The simple Level 1 support using simple <word_character> classes is only a very rough approximation of user word boundaries. A much better method takes into account more context than just a single pair of letters. A general algorithm can take care of character and word boundaries for most of the world's languages. For more information, see UTR #29: Text Boundaries [Boundaries].

Note: Word-break boundaries and line-break boundaries are not generally the same; line breaking has a much more complex set of requirements to meet the typographic requirements of different languages. See UAX #14: Line Breaking Properties [LineBreak] for more information. However, line breaks are not generally relevant to general regular expression engines.

A fine-grained approach to languages such as Chinese or Thai, languages that do not have spaces, requires information that is beyond the bounds of what a Level 2 algorithm can provide.

3.4 Default Loose Matches

At Level 1, caseless matches do not need to handle cases where one character matches against two. Level 2 includes caseless matches where one character may match against two (or more) characters. For example, 00DF "ß" will match against the two characters "SS".

To correctly implement a caseless match and case conversions, see UAX #21: Case Mappings [Case]. For ease of implementation, a complete case folding file is supplied at CaseFolding.txt [CaseData].

If the implementation containing the regular expression engine also offers case conversions, then these should also be done in accordance with UAX #21, with the full mappings. The relevant data files are SpecialCasing.txt [SpecialCasing] and UnicodeData.txt [UData].

4 Tailored Support: Level 3

All of the above deals with a default specification for a regular expression. However, a regular expression engine also may want to support tailored specifications, typically tailored for a particular language or locale. This may be important when the regular expression engine is being used by less sophisticated users instead of programmers. For example, the order of Unicode characters may differ substantially from the order expected by users of a particular language. The regular expression engine has to decide, for example, whether the list [a-ä] means:

the Unicode characters in binary order between 0061₁₆ and 00E5₁₆ (including 'z', 'Z', '[', and '¼'), or
the letters in that order in the users' locale (which does not include 'z' in English, but does include it in Swedish).

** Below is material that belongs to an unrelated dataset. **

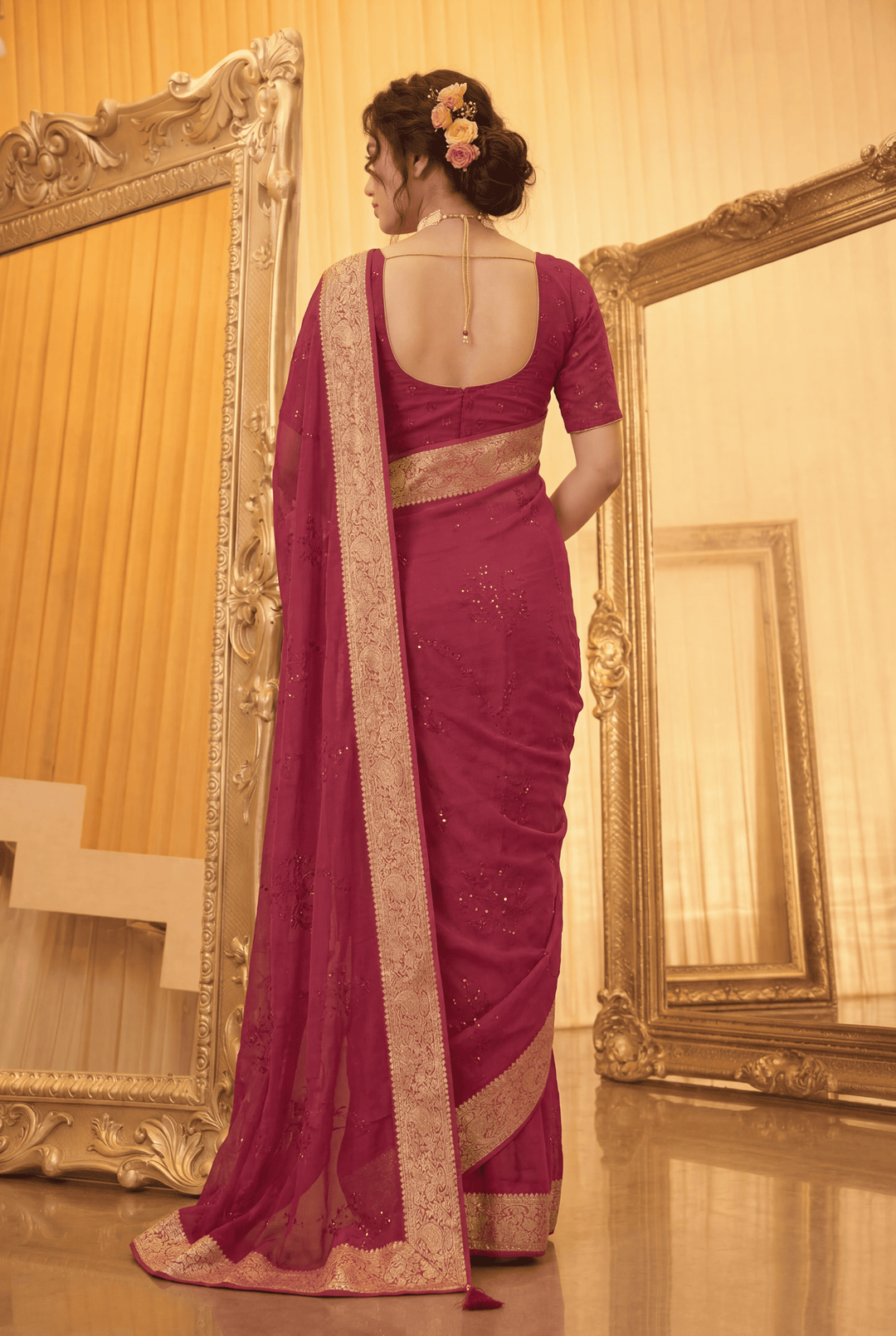 Banarasi Chinon Saree with Swarovski, Zari work.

If both tailored and default regular expressions are supported, then a number of different mechanism are affected. There are a two main alternatives for control of tailored support:

coarse-grained support: the whole regular expression (or the whole script in which the regular expression occurs) can be marked as being tailored.
fine-grained support: any part of the regular expression can be marked in some way as being tailored.

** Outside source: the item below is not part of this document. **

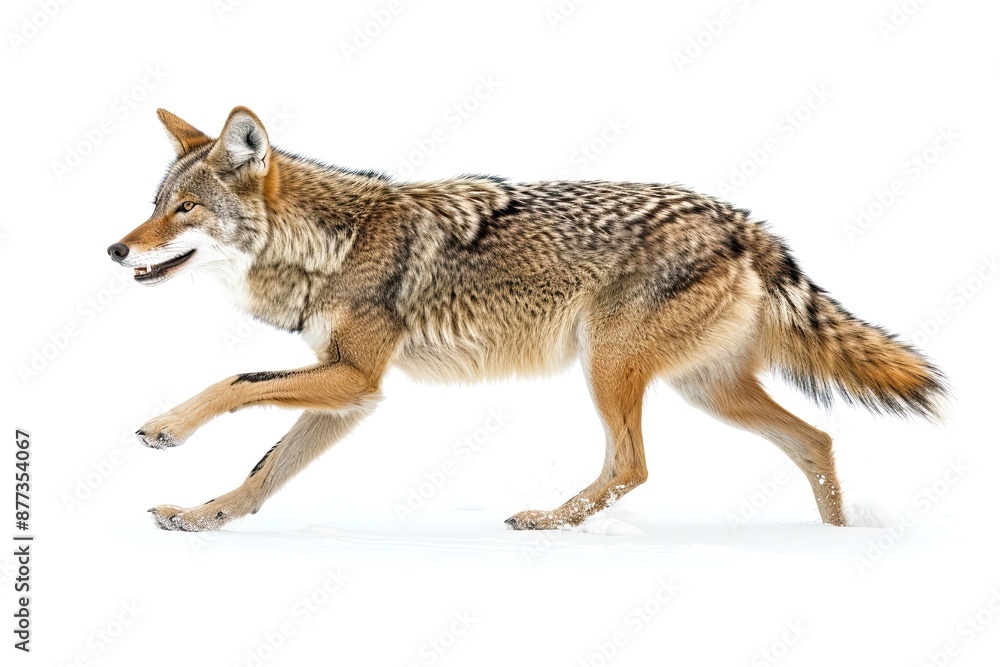 Fototapeta premium Coyote Running in Snow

Marking locales is generally specified by means of the common ISO 639 and 3166 tags, such as "en_US". For more information on these tags, see Online Data [Online].

Level 3 support may be considerably slower than Level 2, and some scripts may require either Level 1 or Level 2 matches instead. Thus it is usually required to have some sort of syntax that will turn Level 3 support on and off. Because tailored regular expression patterns are usually quite specific to the locale, and will generally not work across different locales, the syntax should also specify the particular locale or other tailoring customization that the pattern was designed for.

4.1. Tailored Properties

Some of Unicode character properties, such as punctuation, may in a few cases vary from language to language or from country to country. For example, whether a curly quotation mark is opening or closing punctuation may vary. For those cases, the mapping of the properties to sets of characters will need to be dependent on the locale or other tailoring.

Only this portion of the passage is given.